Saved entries
---*---
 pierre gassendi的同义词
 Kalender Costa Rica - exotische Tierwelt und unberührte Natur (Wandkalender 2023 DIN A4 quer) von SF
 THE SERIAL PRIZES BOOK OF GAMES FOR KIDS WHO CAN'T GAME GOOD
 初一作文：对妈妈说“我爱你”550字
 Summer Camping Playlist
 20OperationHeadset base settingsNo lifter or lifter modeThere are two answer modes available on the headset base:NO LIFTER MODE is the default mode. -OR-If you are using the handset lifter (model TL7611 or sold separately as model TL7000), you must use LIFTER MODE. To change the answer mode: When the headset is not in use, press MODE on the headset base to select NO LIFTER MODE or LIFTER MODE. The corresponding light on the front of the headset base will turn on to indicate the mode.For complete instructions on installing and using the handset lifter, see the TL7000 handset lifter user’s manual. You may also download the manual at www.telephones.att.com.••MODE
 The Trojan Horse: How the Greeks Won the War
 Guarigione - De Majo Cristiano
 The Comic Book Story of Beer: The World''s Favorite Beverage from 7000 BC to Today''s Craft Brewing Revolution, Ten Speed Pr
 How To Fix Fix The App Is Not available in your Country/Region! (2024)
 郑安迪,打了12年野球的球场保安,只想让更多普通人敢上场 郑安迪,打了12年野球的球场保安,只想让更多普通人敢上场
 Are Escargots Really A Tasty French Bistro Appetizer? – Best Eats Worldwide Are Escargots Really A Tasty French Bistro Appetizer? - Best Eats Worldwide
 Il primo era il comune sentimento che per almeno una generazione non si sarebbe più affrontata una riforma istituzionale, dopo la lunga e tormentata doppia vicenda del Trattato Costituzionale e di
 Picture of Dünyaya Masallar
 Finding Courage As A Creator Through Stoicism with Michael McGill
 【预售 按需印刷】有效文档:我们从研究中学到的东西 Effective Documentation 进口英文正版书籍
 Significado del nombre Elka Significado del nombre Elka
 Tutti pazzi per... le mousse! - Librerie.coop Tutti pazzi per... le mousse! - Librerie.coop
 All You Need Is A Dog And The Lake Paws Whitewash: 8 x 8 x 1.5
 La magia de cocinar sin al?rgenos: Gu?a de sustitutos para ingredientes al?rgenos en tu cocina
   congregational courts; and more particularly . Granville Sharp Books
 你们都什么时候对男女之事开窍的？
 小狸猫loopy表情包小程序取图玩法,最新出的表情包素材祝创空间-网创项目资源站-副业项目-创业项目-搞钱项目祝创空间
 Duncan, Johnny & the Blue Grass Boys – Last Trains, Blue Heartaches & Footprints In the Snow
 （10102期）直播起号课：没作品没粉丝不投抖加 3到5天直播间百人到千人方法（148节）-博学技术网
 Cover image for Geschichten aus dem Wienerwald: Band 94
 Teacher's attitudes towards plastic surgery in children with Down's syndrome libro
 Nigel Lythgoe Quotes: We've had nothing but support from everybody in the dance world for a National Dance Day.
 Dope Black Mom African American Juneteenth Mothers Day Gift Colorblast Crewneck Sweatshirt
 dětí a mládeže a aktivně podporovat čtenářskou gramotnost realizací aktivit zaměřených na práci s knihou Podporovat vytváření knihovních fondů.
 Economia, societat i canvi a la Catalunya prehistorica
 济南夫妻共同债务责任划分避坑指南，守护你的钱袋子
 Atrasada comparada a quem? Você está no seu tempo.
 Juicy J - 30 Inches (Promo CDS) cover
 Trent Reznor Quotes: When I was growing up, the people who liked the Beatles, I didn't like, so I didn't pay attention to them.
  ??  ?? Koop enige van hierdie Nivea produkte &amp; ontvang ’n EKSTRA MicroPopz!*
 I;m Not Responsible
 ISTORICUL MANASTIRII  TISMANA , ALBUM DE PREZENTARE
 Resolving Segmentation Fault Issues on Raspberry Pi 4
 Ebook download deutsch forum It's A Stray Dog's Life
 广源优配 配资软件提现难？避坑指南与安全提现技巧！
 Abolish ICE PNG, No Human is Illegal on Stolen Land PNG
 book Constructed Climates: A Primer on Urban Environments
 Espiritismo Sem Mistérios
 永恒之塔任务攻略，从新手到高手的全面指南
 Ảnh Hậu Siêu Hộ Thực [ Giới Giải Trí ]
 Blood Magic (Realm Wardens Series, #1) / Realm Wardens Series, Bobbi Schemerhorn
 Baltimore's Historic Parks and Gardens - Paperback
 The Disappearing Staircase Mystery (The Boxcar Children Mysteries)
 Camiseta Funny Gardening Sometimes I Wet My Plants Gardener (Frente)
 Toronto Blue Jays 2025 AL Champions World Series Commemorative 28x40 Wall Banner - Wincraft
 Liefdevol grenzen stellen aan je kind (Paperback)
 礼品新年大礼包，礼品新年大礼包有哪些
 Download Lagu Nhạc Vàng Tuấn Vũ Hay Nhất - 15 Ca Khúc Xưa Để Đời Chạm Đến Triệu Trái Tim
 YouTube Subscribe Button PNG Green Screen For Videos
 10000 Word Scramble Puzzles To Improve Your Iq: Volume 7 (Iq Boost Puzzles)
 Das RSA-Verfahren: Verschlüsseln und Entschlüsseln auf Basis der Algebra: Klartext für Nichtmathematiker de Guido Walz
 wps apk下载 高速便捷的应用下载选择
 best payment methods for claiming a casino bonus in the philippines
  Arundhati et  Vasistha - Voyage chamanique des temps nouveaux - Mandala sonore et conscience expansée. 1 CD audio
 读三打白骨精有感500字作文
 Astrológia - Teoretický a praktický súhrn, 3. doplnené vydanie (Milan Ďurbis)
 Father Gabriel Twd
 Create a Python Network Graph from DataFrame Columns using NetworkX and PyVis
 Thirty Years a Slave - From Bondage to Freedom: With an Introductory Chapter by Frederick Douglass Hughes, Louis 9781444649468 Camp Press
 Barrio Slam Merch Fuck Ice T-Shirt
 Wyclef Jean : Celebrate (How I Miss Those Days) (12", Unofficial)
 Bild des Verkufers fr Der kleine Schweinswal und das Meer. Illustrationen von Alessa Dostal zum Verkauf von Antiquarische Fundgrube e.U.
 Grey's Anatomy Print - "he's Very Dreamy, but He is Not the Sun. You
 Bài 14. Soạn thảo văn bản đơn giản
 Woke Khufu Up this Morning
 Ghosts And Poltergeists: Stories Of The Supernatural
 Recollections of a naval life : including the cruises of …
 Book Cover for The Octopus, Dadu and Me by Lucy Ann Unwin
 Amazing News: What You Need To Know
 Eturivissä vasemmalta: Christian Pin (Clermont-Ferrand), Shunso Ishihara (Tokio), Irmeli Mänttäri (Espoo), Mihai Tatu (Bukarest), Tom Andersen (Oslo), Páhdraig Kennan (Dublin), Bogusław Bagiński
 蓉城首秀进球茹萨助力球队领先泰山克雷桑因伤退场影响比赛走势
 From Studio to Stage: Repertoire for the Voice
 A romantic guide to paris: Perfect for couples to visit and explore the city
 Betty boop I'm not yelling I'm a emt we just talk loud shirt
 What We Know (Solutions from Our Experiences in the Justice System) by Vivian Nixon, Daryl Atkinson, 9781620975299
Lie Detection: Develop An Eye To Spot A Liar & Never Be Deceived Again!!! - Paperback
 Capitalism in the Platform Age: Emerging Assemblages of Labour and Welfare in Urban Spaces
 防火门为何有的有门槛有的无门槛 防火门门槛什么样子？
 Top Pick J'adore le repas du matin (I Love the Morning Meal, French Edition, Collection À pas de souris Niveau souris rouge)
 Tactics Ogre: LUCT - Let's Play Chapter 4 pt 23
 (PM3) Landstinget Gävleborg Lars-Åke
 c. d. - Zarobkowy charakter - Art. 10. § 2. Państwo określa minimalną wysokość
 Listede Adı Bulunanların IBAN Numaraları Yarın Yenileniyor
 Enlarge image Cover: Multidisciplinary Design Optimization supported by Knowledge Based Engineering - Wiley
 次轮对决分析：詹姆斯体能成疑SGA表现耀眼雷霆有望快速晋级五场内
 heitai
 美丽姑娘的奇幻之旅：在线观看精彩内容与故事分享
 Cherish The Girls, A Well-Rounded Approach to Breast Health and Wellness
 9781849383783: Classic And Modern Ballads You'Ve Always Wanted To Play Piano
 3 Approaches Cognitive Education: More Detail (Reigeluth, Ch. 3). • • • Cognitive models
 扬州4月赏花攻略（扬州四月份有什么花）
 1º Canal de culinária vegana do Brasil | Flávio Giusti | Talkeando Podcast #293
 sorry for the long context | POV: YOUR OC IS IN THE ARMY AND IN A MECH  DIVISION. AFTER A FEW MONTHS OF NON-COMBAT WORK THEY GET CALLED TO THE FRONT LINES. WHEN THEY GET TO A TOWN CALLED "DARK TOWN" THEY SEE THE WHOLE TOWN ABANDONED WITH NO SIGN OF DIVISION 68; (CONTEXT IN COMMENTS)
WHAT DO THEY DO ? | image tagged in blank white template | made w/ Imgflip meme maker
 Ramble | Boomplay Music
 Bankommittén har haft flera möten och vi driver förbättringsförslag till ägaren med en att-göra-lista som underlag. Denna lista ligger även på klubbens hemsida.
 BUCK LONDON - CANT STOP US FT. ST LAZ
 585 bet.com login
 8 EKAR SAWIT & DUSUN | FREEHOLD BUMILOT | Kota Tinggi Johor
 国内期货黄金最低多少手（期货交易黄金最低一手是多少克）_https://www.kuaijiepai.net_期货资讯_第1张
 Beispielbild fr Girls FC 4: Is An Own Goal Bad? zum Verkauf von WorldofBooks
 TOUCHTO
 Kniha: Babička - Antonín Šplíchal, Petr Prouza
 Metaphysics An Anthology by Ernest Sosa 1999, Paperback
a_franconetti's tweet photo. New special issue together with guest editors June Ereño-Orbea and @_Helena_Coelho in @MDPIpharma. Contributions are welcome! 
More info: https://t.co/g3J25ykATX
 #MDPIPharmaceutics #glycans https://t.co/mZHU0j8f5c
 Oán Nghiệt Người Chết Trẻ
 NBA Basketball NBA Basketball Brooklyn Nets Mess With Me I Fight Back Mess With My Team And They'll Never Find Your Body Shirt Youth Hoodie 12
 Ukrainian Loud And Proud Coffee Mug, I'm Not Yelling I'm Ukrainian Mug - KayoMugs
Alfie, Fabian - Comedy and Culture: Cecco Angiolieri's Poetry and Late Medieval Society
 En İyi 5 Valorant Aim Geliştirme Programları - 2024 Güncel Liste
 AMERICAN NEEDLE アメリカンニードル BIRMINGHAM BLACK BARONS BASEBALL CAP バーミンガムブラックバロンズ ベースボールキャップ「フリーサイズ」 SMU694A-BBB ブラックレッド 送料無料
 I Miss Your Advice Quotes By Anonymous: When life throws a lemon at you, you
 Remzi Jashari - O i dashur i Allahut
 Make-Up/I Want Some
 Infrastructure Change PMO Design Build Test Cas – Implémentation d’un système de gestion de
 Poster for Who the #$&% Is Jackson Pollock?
---*---
• [What this task involves]:
Keep only those lines of the records that hold "Never", and return them.

• [Task result]:
Lie Detection: Develop An Eye To Spot A Liar & Never Be Deceived Again!!! - Paperback
 NBA Basketball NBA Basketball Brooklyn Nets Mess With Me I Fight Back Mess With My Team And They'll Never Find Your Body Shirt Youth Hoodie 12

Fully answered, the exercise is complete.